--- REQUIRED ACTION ---
Scan the records and identify every line in which the string "Hardware" occurs, then return those lines.

Saved entries

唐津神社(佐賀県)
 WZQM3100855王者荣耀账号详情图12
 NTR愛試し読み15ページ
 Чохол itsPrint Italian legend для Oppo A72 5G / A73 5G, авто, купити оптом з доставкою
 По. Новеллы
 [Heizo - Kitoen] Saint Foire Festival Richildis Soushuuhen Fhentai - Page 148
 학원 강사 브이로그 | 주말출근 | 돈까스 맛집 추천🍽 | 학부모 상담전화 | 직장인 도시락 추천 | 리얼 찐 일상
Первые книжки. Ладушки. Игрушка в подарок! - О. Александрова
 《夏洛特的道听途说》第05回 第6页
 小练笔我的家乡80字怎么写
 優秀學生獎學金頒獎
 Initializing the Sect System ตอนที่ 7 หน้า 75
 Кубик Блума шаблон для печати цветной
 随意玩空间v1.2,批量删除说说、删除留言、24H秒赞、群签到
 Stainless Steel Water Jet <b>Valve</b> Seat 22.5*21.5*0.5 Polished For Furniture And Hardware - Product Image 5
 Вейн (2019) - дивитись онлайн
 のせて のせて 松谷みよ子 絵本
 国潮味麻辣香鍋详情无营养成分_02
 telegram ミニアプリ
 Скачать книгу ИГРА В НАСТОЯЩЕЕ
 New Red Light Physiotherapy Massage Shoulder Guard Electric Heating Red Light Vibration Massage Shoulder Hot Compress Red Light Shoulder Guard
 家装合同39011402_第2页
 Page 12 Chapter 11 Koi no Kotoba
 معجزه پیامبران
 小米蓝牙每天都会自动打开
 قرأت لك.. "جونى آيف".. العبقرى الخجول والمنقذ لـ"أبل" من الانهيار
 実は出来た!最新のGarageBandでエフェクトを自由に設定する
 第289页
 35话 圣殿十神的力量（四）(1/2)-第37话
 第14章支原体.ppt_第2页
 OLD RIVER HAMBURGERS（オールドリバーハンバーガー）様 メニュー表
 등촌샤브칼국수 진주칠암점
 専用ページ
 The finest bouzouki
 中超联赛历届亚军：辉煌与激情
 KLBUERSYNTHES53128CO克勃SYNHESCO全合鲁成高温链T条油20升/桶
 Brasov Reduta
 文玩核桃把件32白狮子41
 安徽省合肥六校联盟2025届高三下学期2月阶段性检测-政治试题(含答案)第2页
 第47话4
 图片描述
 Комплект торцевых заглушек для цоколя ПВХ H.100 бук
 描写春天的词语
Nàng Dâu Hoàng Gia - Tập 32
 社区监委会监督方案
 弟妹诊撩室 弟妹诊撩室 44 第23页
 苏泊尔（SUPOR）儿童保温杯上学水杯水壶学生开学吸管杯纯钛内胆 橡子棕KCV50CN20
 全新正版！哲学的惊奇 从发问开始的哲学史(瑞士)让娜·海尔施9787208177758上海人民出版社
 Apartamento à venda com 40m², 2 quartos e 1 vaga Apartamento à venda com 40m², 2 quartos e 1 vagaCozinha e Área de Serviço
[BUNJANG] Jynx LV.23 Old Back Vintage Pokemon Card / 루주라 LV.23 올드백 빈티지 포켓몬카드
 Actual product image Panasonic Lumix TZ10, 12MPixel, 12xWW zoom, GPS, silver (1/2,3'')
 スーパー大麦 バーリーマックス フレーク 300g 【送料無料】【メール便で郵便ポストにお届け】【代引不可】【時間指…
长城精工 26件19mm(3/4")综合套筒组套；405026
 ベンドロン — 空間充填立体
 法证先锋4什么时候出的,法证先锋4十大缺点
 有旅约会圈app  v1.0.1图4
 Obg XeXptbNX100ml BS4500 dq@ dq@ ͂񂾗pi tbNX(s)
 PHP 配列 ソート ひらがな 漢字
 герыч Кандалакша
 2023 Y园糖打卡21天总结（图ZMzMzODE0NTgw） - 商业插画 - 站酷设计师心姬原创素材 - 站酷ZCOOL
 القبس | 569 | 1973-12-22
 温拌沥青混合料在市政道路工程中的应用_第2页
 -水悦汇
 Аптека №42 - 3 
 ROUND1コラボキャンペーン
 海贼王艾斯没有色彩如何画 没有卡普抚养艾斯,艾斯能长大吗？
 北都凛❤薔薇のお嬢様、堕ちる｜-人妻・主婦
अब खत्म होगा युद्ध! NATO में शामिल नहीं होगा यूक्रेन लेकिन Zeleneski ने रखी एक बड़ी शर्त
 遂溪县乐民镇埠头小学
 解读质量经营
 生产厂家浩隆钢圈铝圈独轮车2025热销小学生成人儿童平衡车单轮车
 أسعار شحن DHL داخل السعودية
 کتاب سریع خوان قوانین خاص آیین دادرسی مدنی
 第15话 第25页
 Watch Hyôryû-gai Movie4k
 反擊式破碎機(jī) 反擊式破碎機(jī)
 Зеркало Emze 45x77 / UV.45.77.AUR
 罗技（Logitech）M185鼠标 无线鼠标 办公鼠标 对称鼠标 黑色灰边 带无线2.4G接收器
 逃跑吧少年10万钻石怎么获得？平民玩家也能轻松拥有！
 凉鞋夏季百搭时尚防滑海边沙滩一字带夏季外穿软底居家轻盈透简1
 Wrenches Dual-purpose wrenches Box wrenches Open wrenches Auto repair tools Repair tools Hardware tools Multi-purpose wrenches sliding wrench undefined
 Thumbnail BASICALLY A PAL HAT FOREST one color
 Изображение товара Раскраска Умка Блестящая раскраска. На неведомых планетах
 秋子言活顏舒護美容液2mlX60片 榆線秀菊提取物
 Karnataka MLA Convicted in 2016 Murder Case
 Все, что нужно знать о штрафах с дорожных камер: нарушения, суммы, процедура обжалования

--- WRITTEN ANSWER ---
 Stainless Steel Water Jet <b>Valve</b> Seat 22.5*21.5*0.5 Polished For Furniture And Hardware - Product Image 5
 Wrenches Dual-purpose wrenches Box wrenches Open wrenches Auto repair tools Repair tools Hardware tools Multi-purpose wrenches sliding wrench undefined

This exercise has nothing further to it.